**What is needed**
Take the entries below and print only the lines from the one with "TP-LINK Wireless Mesh" through the one with "Image for Deep", exactly as they stand, both ends included.

Data for analysis: Begin

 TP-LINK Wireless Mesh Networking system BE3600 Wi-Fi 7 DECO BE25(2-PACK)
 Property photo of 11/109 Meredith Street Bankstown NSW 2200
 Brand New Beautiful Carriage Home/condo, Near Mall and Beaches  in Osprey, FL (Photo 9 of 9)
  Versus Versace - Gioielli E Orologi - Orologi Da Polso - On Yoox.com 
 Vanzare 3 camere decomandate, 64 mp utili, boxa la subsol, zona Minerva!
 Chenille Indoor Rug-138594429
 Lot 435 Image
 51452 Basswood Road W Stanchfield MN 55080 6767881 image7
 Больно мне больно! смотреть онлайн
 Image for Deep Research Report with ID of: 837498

Data for analysis: End
Data for analysis: Begin

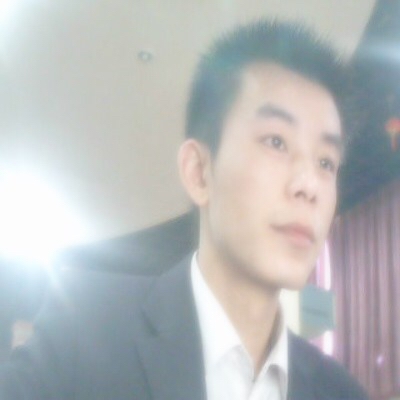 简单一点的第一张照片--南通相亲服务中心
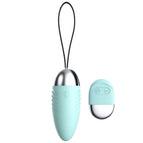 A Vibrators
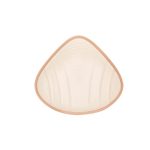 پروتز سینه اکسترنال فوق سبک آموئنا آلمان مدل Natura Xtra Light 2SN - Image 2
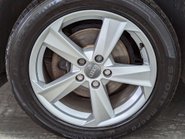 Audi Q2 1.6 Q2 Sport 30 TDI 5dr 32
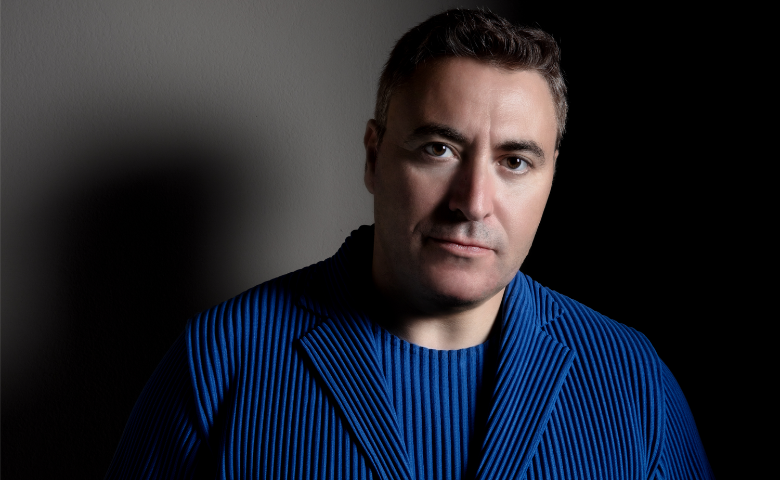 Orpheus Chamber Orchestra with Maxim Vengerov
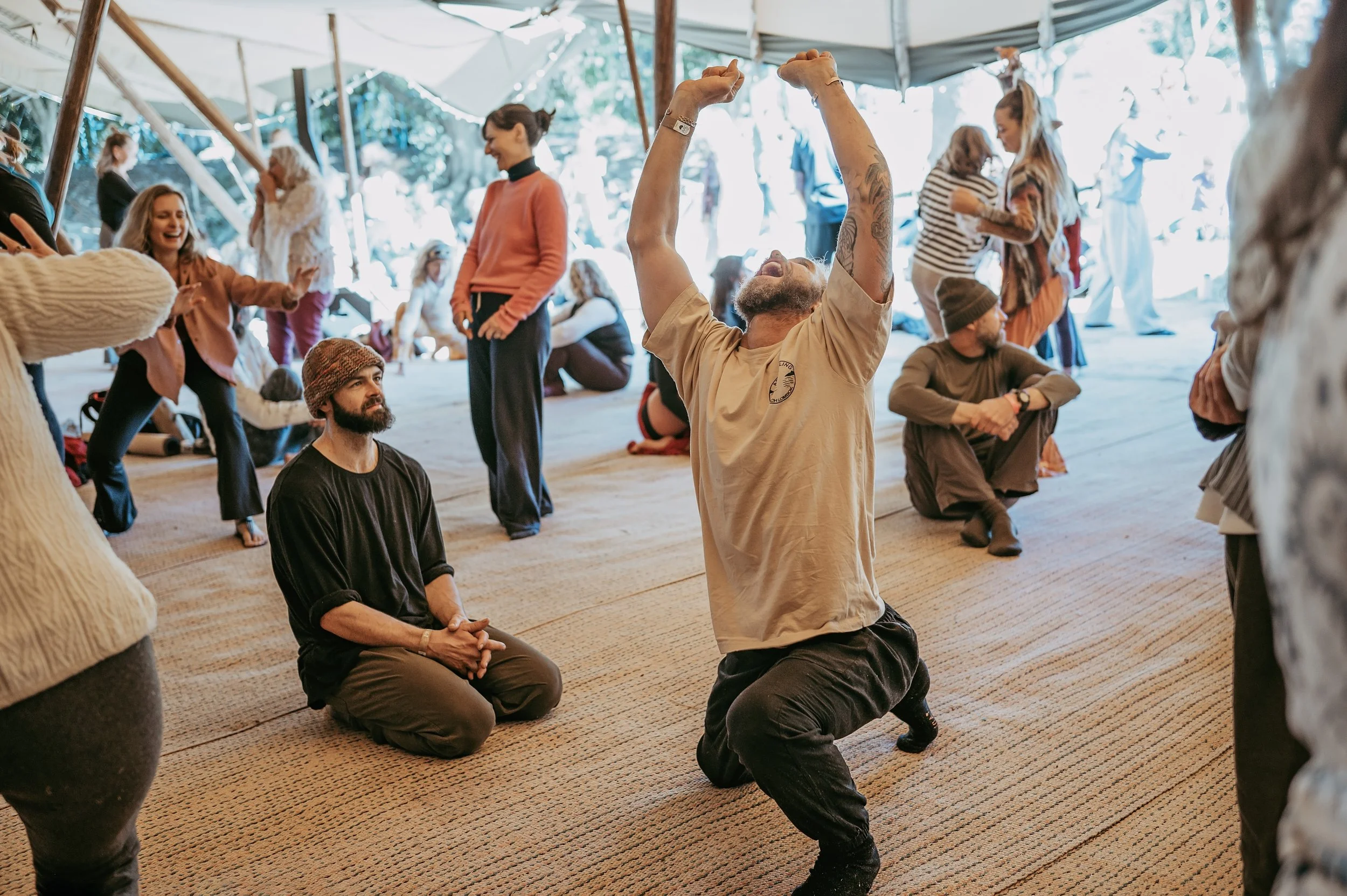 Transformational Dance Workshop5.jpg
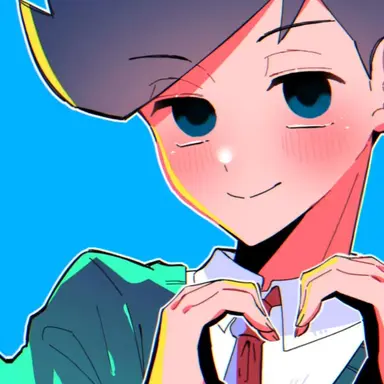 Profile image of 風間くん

Data for analysis: End
Data for analysis: Begin

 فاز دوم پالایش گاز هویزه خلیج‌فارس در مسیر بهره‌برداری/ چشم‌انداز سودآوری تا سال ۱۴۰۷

Data for analysis: End

**Result of the exercise**
 TP-LINK Wireless Mesh Networking system BE3600 Wi-Fi 7 DECO BE25(2-PACK)
 Property photo of 11/109 Meredith Street Bankstown NSW 2200
 Brand New Beautiful Carriage Home/condo, Near Mall and Beaches  in Osprey, FL (Photo 9 of 9)
  Versus Versace - Gioielli E Orologi - Orologi Da Polso - On Yoox.com 
 Vanzare 3 camere decomandate, 64 mp utili, boxa la subsol, zona Minerva!
 Chenille Indoor Rug-138594429
 Lot 435 Image
 51452 Basswood Road W Stanchfield MN 55080 6767881 image7
 Больно мне больно! смотреть онлайн
 Image for Deep Research Report with ID of: 837498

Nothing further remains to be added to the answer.